It's easy to get support from:

* Local historical society, has a ton of info and is only too happy to share ("Youngin's these days don't care!") etc. etc. Excited that young people will be researching the town's history.

* Local newspaper, willing to let us have the entire newspaper archives in exchange for digitizing it for them. At the end of it we will have an entire searchable DB of hundreds of years worth of plot and character info.

* Local newspaper, willing to give us free press because it's more exciting than printing about Sherrif Farmer's dog or whatever else they fill up space with

* Local college students and student associations (engineering/nerd school), bored to tears with Nerf Wars or whatever else it is they do on weekends and are willing to do insane amounts of work for even a modest reward

* Local college is based around a historical person and is only too happy to learn he is a major character in the plot, instant writeups from student journalists and support/goodwill from college staff, invaluable help from professors

* Lots of bored CS students with nothing better to do. There's plenty of bored website designers and so on, and enough really competent people that we can roll out a small voip network or build a few robots into the landscape (trapdoors in abandoned buildings and whatnot)

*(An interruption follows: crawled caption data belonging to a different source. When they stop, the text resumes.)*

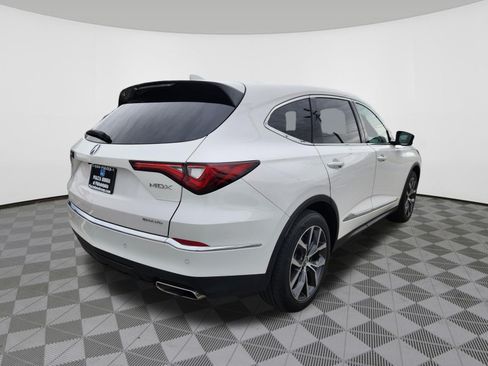 Used 2023 Acura MDX w/ Technology Package AWD/4WD image 4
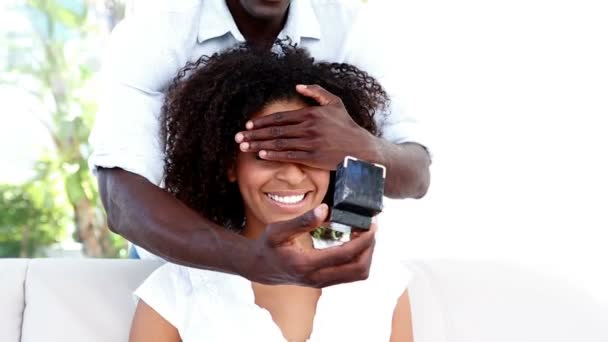 Man surprising girlfriend with proposal — Stock Video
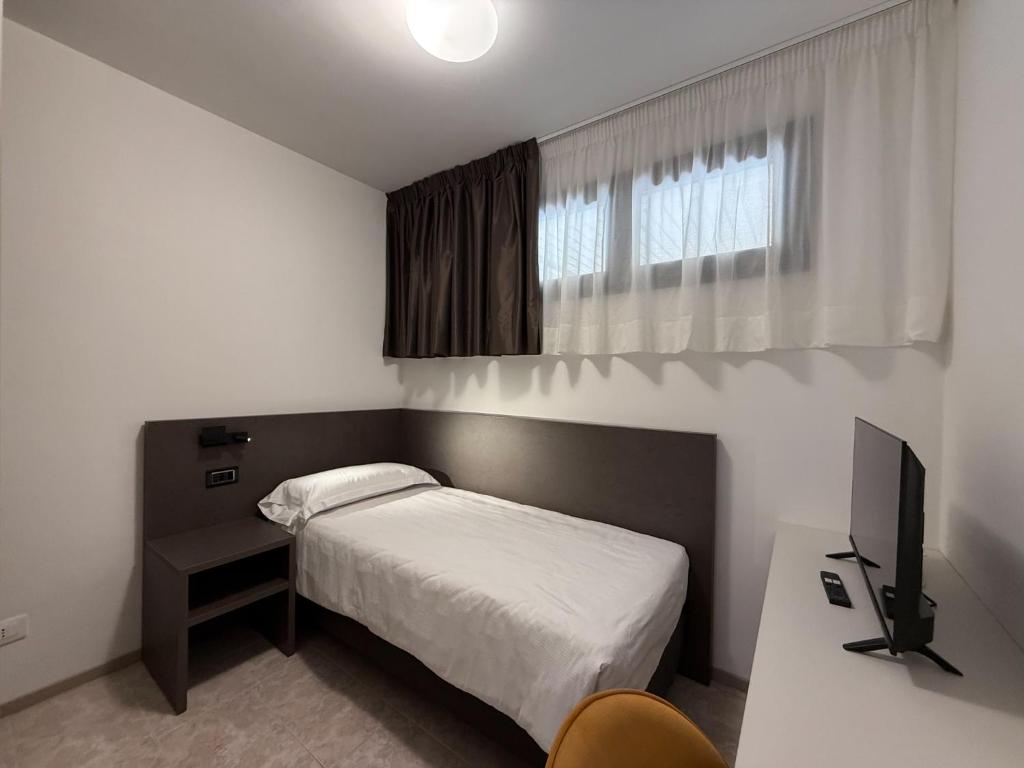 Suites Marilia Apartments Pool Side - Suite Livorno Holiday Home Group 7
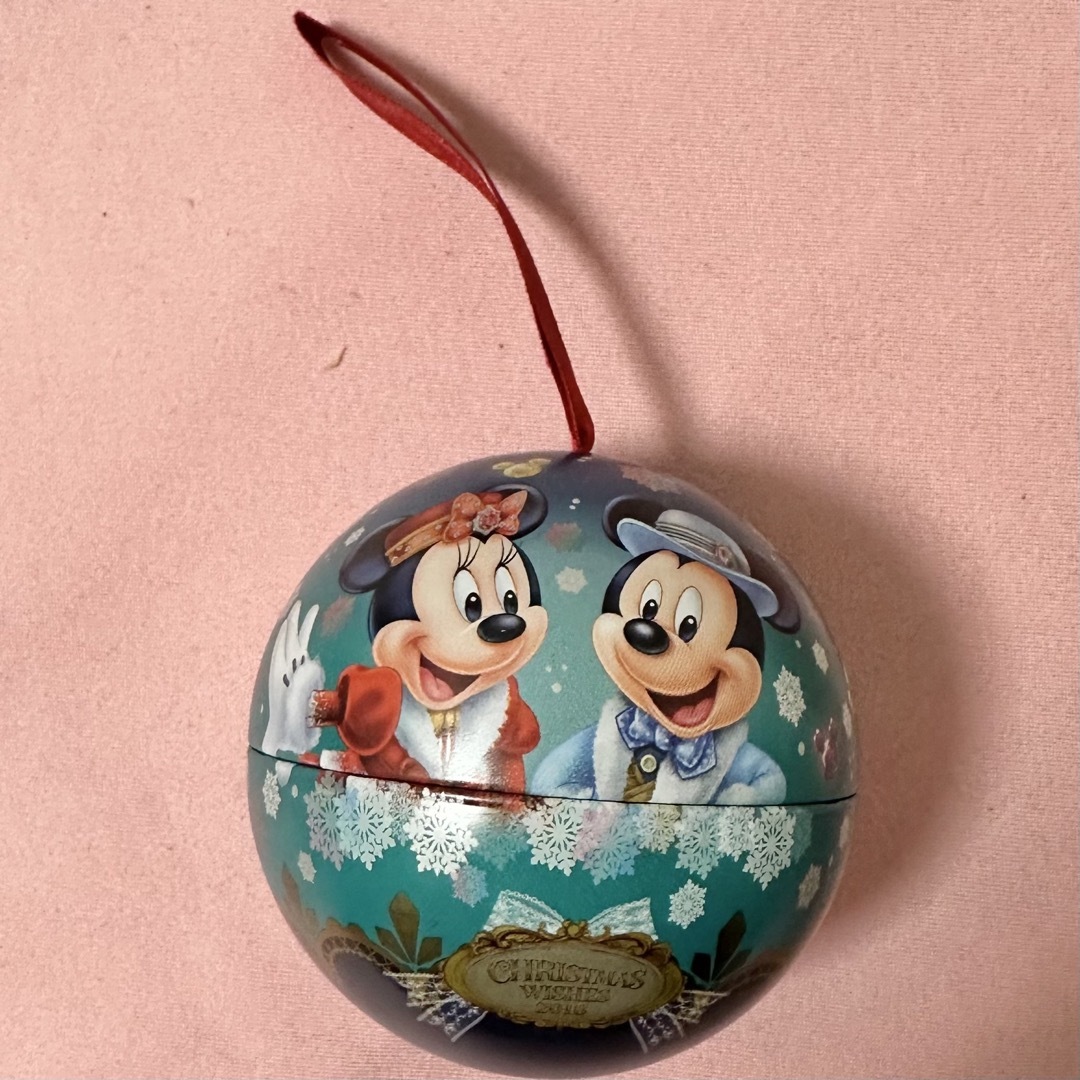 Disney(ディズニー)のディズニー シー 15周年 カラー オブ クリスマス  チャーム エンタメ/ホビーのおもちゃ/ぬいぐるみ(キャラクターグッズ)の商品写真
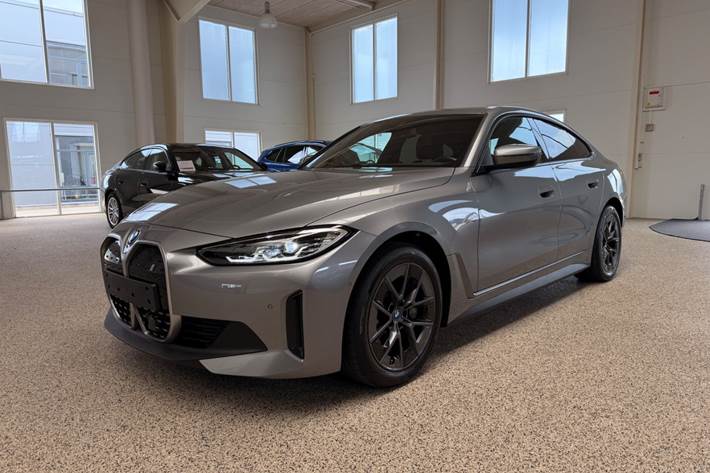 Grå BMW i4 fra 2022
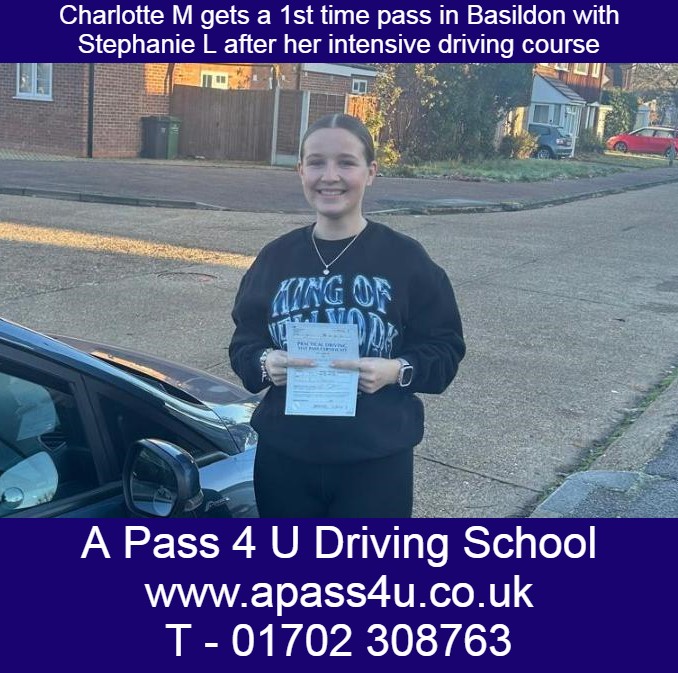 Charlotte M passes 1st time with Steph L after her one week intensive driving course in Basildon. Rebecca took a 5 day course in one week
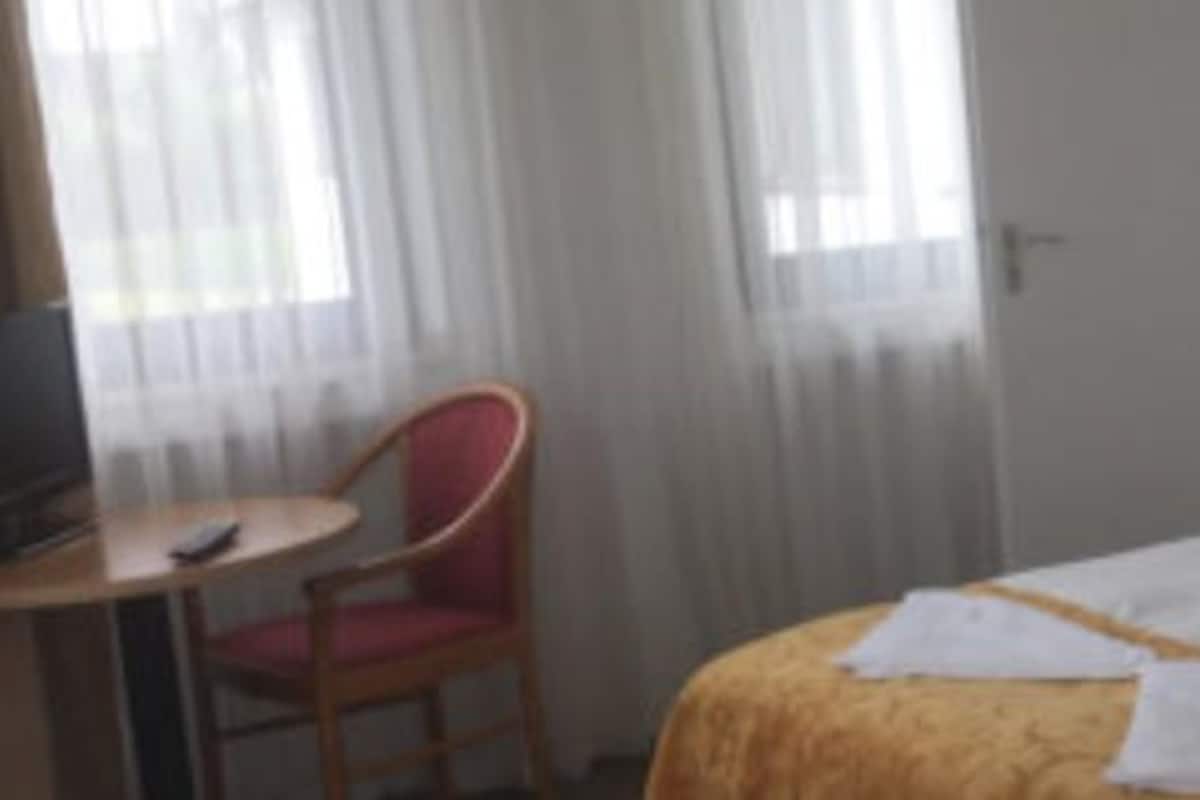 In-room safe, free WiFi, bed sheets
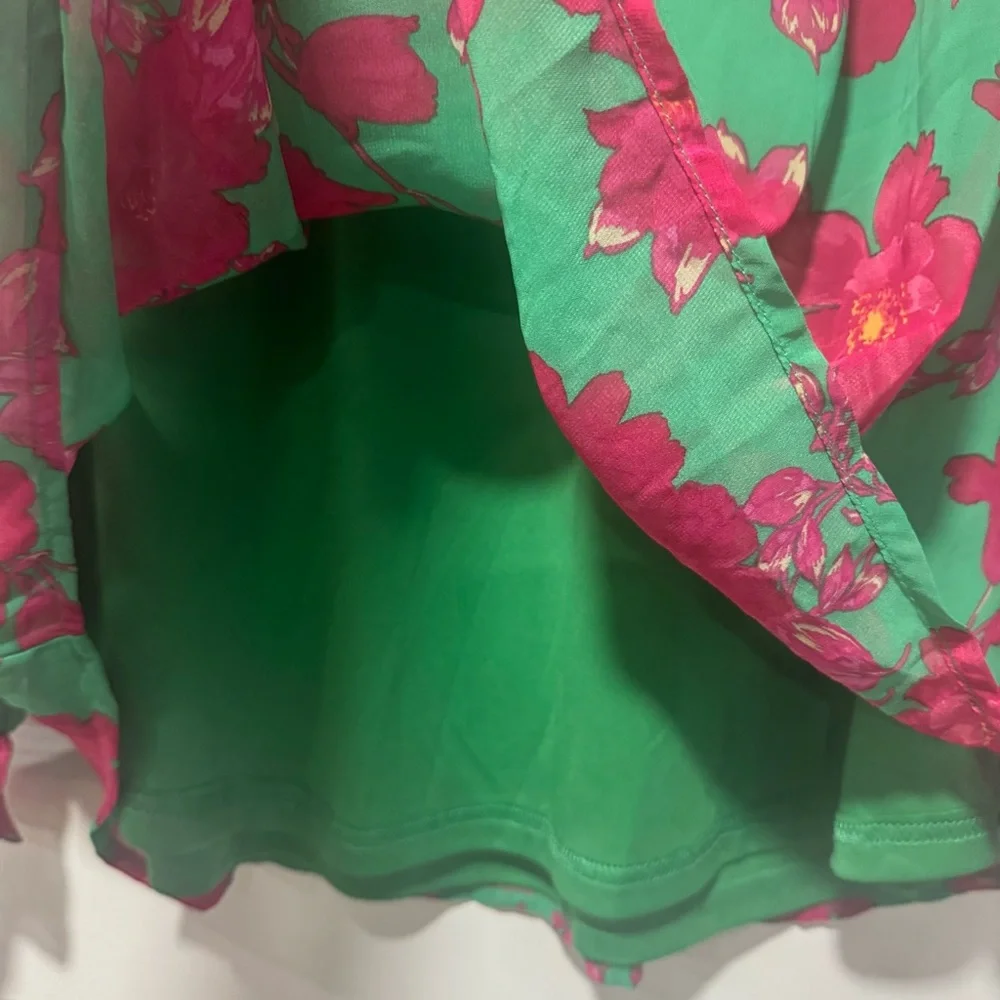 JODIFL Vibrant Floral Blouse with Lace Detail - Picture 4 of 8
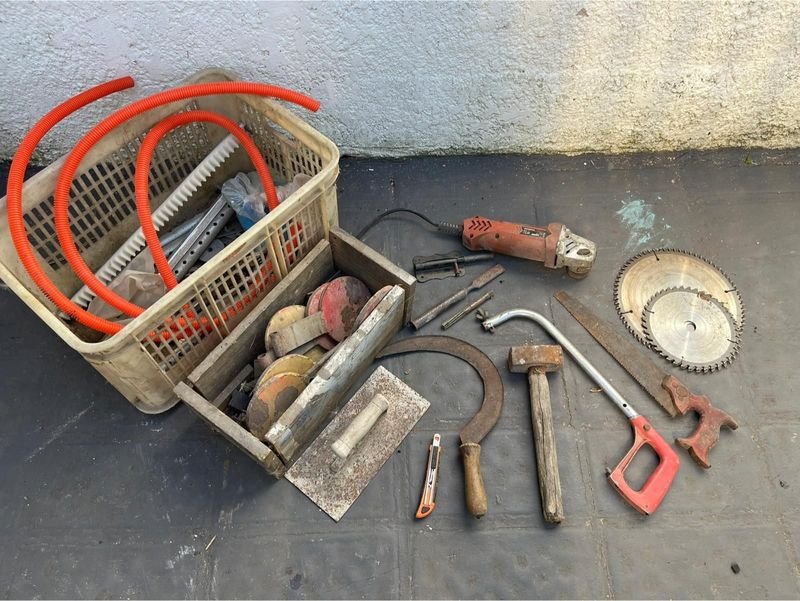 Lote de Herramientas con Buena Condición - imagen 2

This is, I think, the recipe for our success in a small college town. I would
not take this route at all if you're trying to hit some urban area (from your
initial post it looks like you're doing it as marketing, so quite frankly I
wouldn't recommend doing any of this if your intent is to reach large groups
of people). I should also note that this is just a side project (and a long-
term one at that), I expect to take a few years planning before I actually do
it (I have a startup that requires all my attention in the meantime).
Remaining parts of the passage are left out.